I don’t usually reach out via blog post, but I’ve entered every permutation that I can think of into Google’s search box, and nothing seems to be working out for me. I am hoping that someone who reads this post can provide some actual insight into why some of my Docker containers, on the same custom network, are not talking to one another while others are.
This project is basically a test wherein I have a three-container setup: database, API server, and website. The database is using the MSSQL-2017 image, the API server is using the Node:16-alpine image, and the website is using the nginx:alpine image. These containers are running on a Ubuntu Linux machine on the other side of the room, and I have a public domain pointing to it. My goal is to use a sub-domain to access the website via HTTPS, which should then contact the API server to get and put data from and to the database. Simple!
I have been running the MSSQL container for some time with great success. It’s opened port 1433 so I can use SSMS on my desktop machine to connect to it for development purposes. I’ve been developing a non-containerized API server which can connect to the containerized MSSQL server, and a non-containerized website which can connect to the non-containerized API.
Ultimately, I will need to convert my ongoing Star Citizen org website project into this or similar design. It’s using the same database and the same Node-based API server, but right now the API server and website are running locally, outside of any containers, during development.

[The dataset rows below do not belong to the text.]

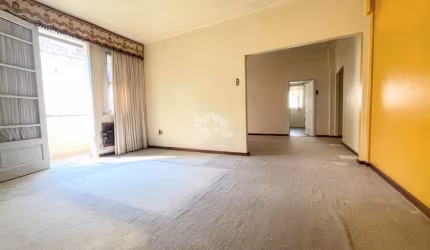 Apartamento 03 dormitórios com 130m² no bairro Independência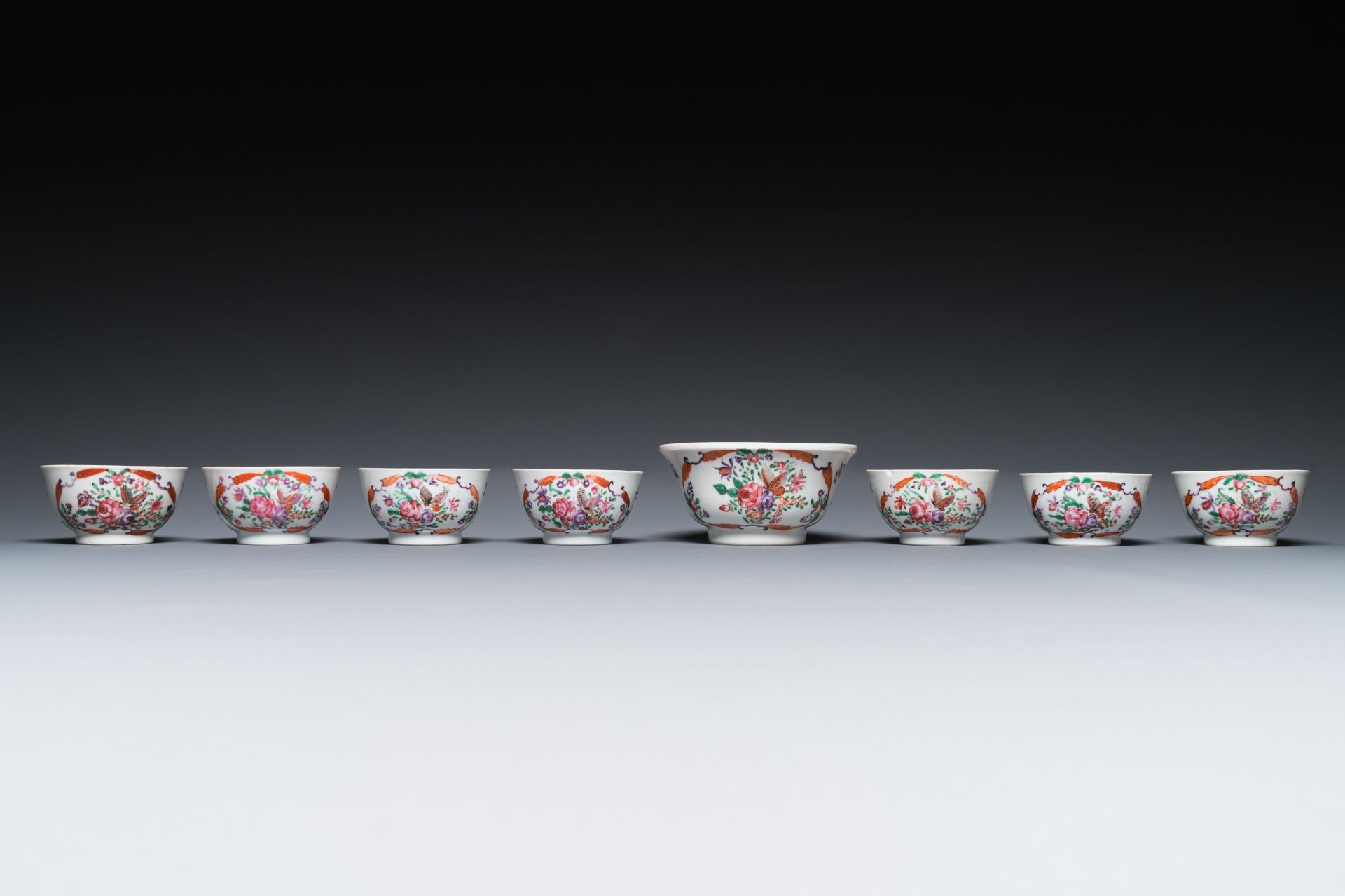 A Chinese famille rose 20-piece tea service with floral design, Qianlong - Image 12 of 17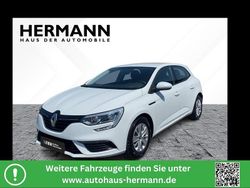 Arktisweiß (weiß) Gebraucht 2019 Renault Mégane IV Life Limousine | 7.682 € (Teuer)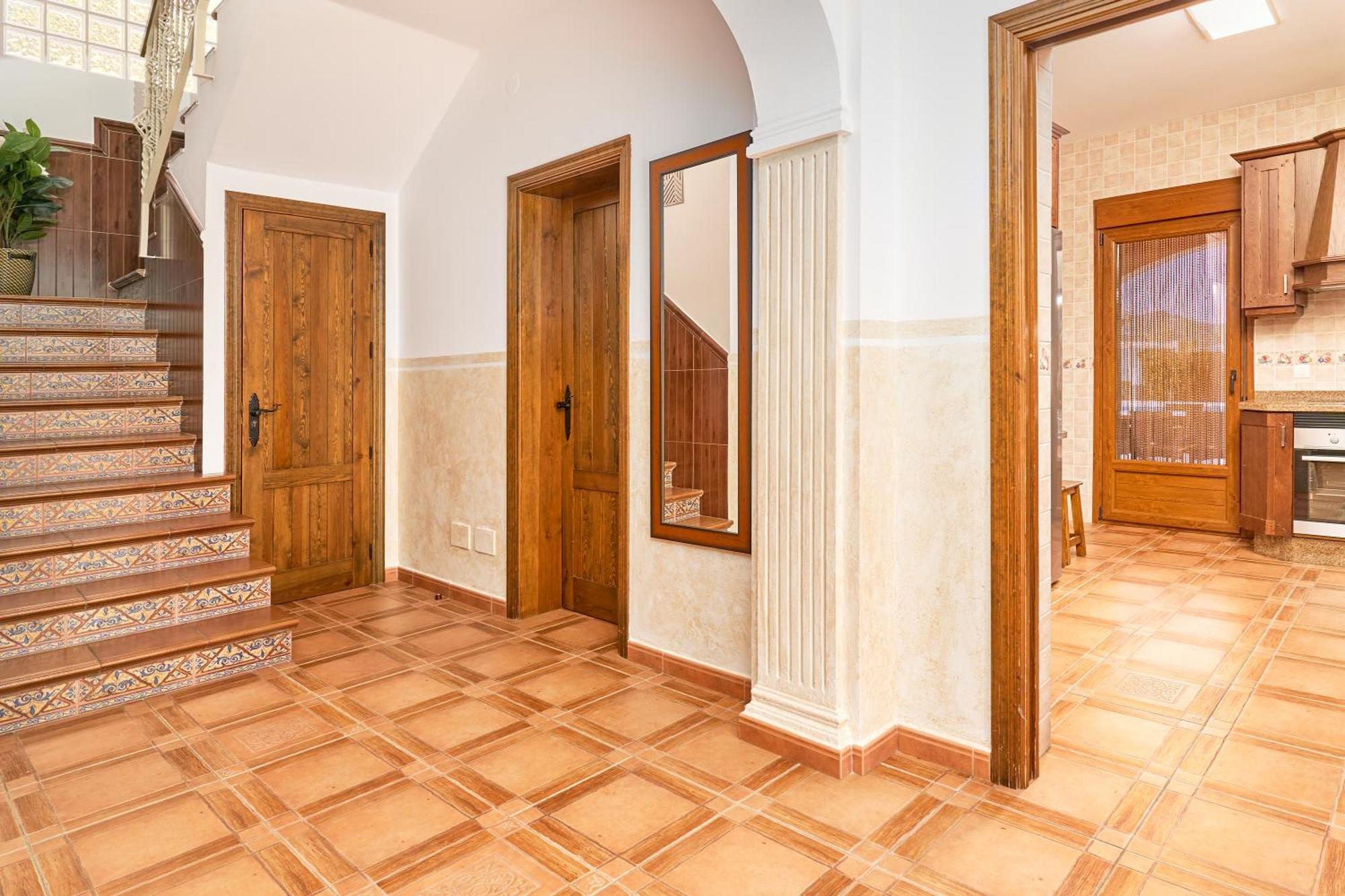 Villa Javier En Sayalonga Ngoại thất bức ảnh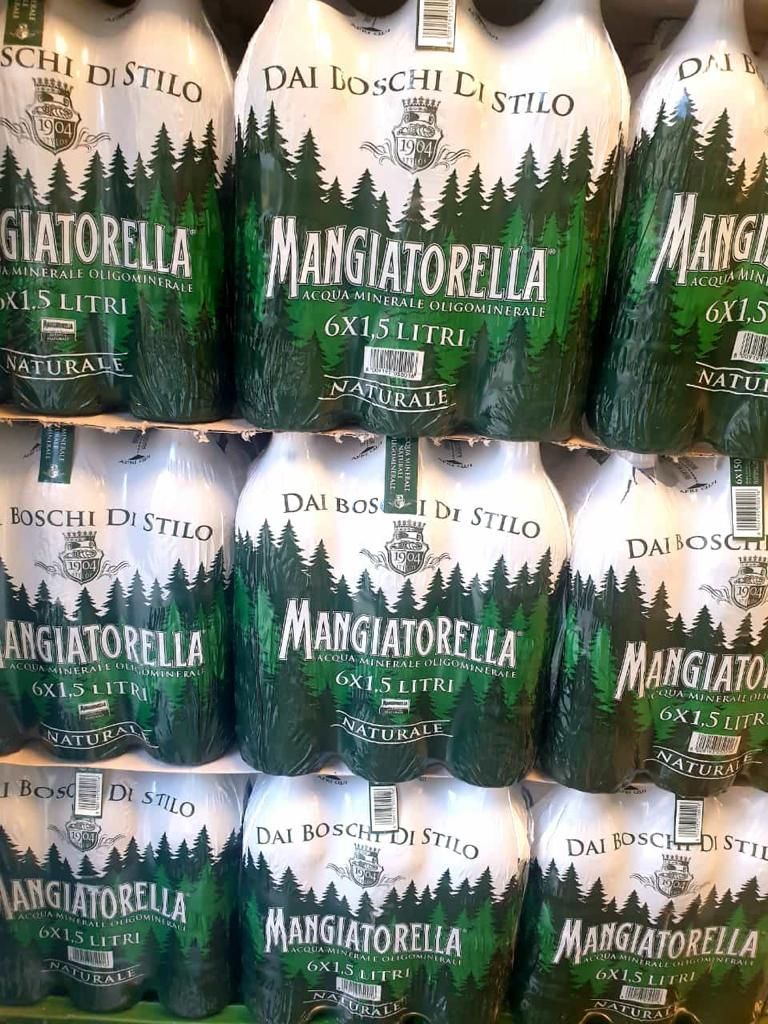 Un mucchio di bottiglie di mangiatorella sono accatastate l'una sull'altra.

I want to be able to separate the three layers so I can update them without having to affect the others; were I to serve the web content from the same server as the API, if I made web changes I’d have to rebuild and redeploy both the web and API server content, which is not something I’d want to do. And because I ultimately do not know where this project will be hosted, I cannot guarantee that the host environment will be amenable to binding host-visible paths from the containers.

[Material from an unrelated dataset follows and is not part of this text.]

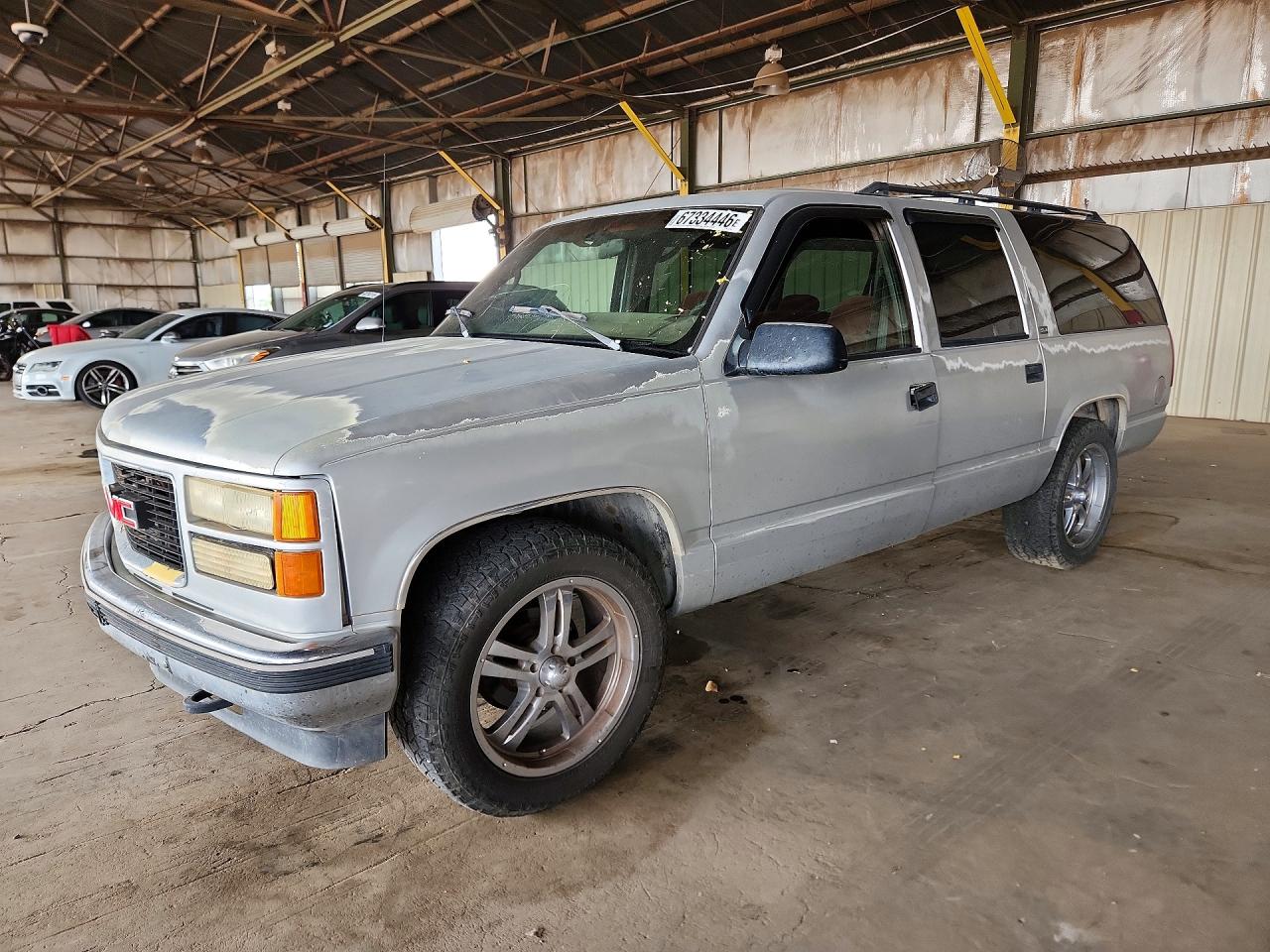 Photo of the 1995 GMC SUBURBAN C1500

The API and web containers have custom Dockerfiles, and all three targets have their own docker-compose.yml files.
And finally, I am not a Linux guy. I know as much as I need to know in order to do what I need to do in the moment, and through that I am learning, but please know that any assumptions that I will be able to understand something like “ggh -xG | /ferk/murp/dubi/sh .” without context or links to an “idiots guide to Linux” are grossly out of whack.

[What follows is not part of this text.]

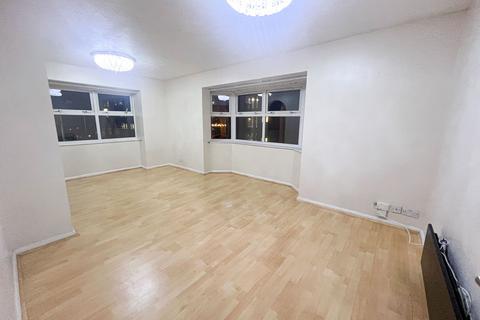 2 bedroom flat to rent, Cuthberga Close, Barking, IG11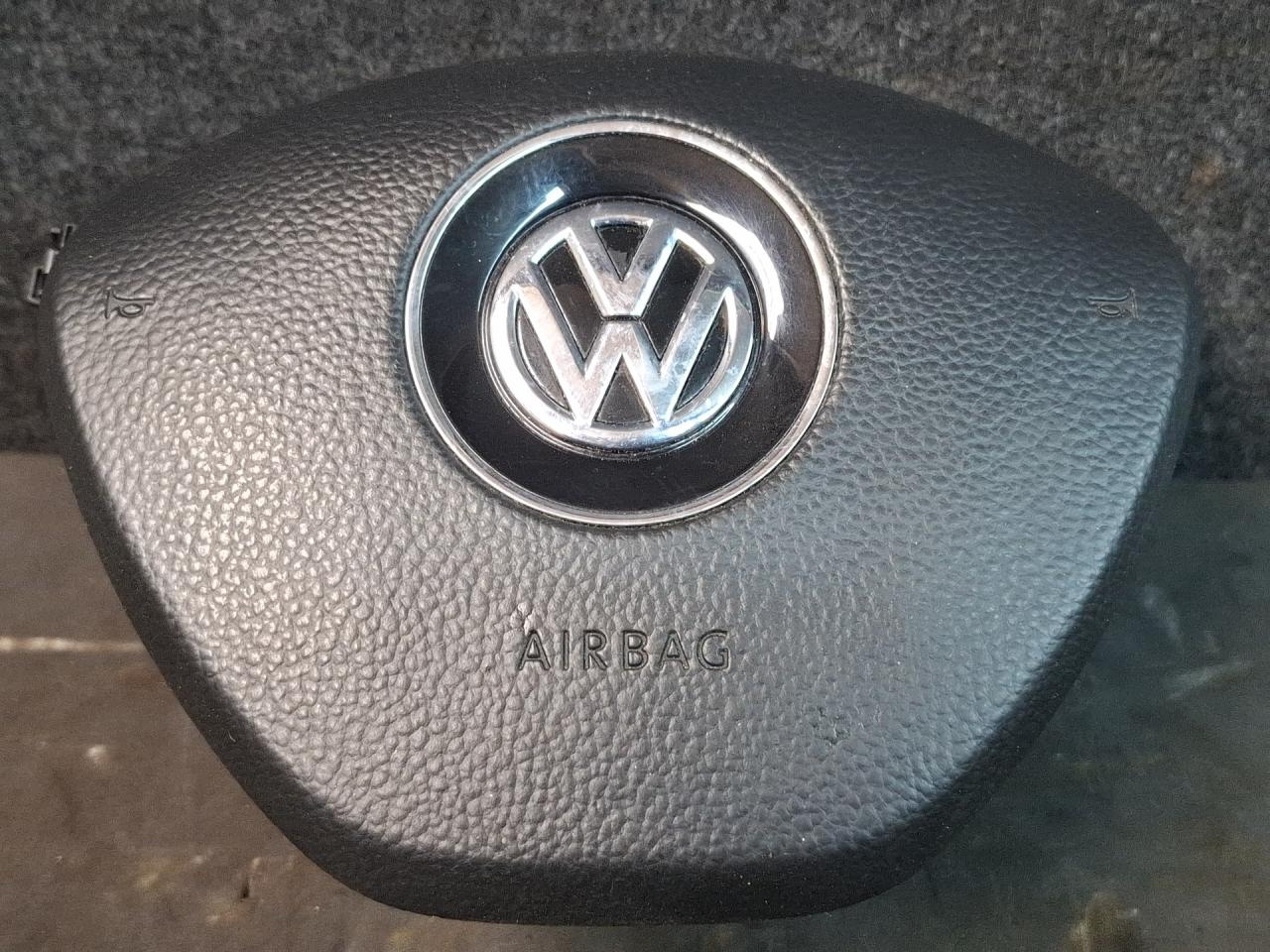 подушка безопасности водителя Volkswagen Jetta 7 поколение 2019, 1.4 л., бензин, АКПП, синий, седан, передний привод, 17A880201F - фото №1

The API server is running Node, and the server is using Express and the MSSQL library for accessing the database. Those particulars should be well beyond this immediate issue, however, so I will not include my server code here.
# Use Node 16 alpine as parent image FROM node:16-alpine # Change the working directory on the Docker image to /app WORKDIR /app # Copy package.json and package-lock.json to the /app directory COPY package.json package-lock.json ./ # Install dependencies RUN npm install # Copy the rest of project files into this image COPY . . # Expose application port. The API server listens here. EXPOSE 4791 # Start the application CMD npm start
The website is built using CRA and features two components: one which contacts the API endpoint on load, and one which accepts a custom URL to attempt a connection. I added the latter after the former failed, and I wanted to be able to reshape the endpoint to test several iterations in case I had gotten the hardcoded test endpoint wrong.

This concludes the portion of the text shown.